The replacement for this tool can now be found directly in the Google Search Console under the Removals tab. This is a significantly enhanced version that allows for more effective administration of the addresses removed. You can find official information about this new feature in the New Removals report in the Search Console section at the official Google Webmasters blog. We didn’t have it available to us in the fall of 2019.
An important note: This and the previous tool are accessible in the GSC only for Owners or Admins with full rights. Therefore, always be careful who you grant the ability to erase your entire website from search results.
There is also a similar and partially concealed tool at https://www.google.com/webmasters/tools/removals. It primarily serves to remove individual outdated and defunct URLs from search results.
Jekyll and SEO
We used several tools when working on the blog. The Screaming Frog desktop crawler was used to collect data and validate changes. The Google Search Console to acquire control of the website and was used for de-indexing.
And finally, there was Github and Jekyll (a simple generator of small blogs and static websites), because we wanted to immediately repair the errors we discovered – HTTPS, mixed content, basic redirects, internal links, duplicities, etc.
At first glance, the system didn’t seem very SEO friendly, but getting to the world of Jekyll, Liquid Filters, and preparing repairs for all errors took only about three hours in the end. Not that big a deal.
The key for us was that we have to know the abilities of the SEO tools and how to use them in great detail. We must keep our knowledge of DNS, various CMS, coding, programming, website security, and so on at a very high level. That allows us as webmasters to discover problems, partially resolve them on our own, and save developers’ valuable time.
The gif below shows how the web graphs of heurekadevs.cz changed after the removal of the duplicities. Gephi, special software that employs the Force Atlas 2 algorithm, was used to create the animation and the colour coding that is the same as the image above - red nodes are duplicate URLs.
Many weeks have passed since the removal of the eeghiethi spam from the search results. Google still shows an erroneous number of results from the given domain in queries using an operator. That will probably change when the blockage of the subdomain ends, and Google discovers it no longer works. We’re interested to see what happens then ourselves.

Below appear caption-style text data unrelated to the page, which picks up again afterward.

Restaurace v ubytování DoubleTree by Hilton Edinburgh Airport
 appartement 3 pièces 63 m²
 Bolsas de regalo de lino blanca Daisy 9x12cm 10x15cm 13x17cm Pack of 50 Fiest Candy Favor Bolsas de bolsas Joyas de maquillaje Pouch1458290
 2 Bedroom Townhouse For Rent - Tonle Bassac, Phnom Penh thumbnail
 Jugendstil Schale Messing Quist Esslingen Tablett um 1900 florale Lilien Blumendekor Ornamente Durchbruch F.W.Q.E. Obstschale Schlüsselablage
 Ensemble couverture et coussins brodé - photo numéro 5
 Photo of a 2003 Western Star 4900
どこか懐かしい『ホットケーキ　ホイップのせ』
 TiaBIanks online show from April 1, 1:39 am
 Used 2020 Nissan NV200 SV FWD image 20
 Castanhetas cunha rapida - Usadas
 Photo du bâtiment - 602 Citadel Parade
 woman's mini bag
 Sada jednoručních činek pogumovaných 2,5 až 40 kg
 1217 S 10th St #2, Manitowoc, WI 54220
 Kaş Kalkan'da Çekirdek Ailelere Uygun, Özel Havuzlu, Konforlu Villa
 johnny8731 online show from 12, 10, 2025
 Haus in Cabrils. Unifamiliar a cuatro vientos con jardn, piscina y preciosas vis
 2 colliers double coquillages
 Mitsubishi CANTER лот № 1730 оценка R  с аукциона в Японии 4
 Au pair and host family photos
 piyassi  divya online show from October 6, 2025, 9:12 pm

2022 Update Note: The previous paragraph was written in 2020. Nowadays, the subdomain is long gone and forgotten.
If you use Github for hosting a website, then be careful how you work with DNS. Create a Google Search Console for the website and learn to use the tool. And be careful who you give full rights to in the GSC. Repair quickly, effectively, and logically, seeking out the root of the problem.
As webmasters at Heureka, we must know how to do our jobs and not rely on developers having the capacity to repair every little thing. We celebrated our success for about a minute. That was all the time we had. Over the two days we dealt with the dev blog, another over 100,000 errors appeared in structured data across other GSC properties. But that is another story.
Here we have to note that at Heureka we approach security dutifully, thoroughly, and without compromises. We’re publishing this small unimportant matter with Github as a fun fail story that can help beginners and less experienced users dealing with similar problems.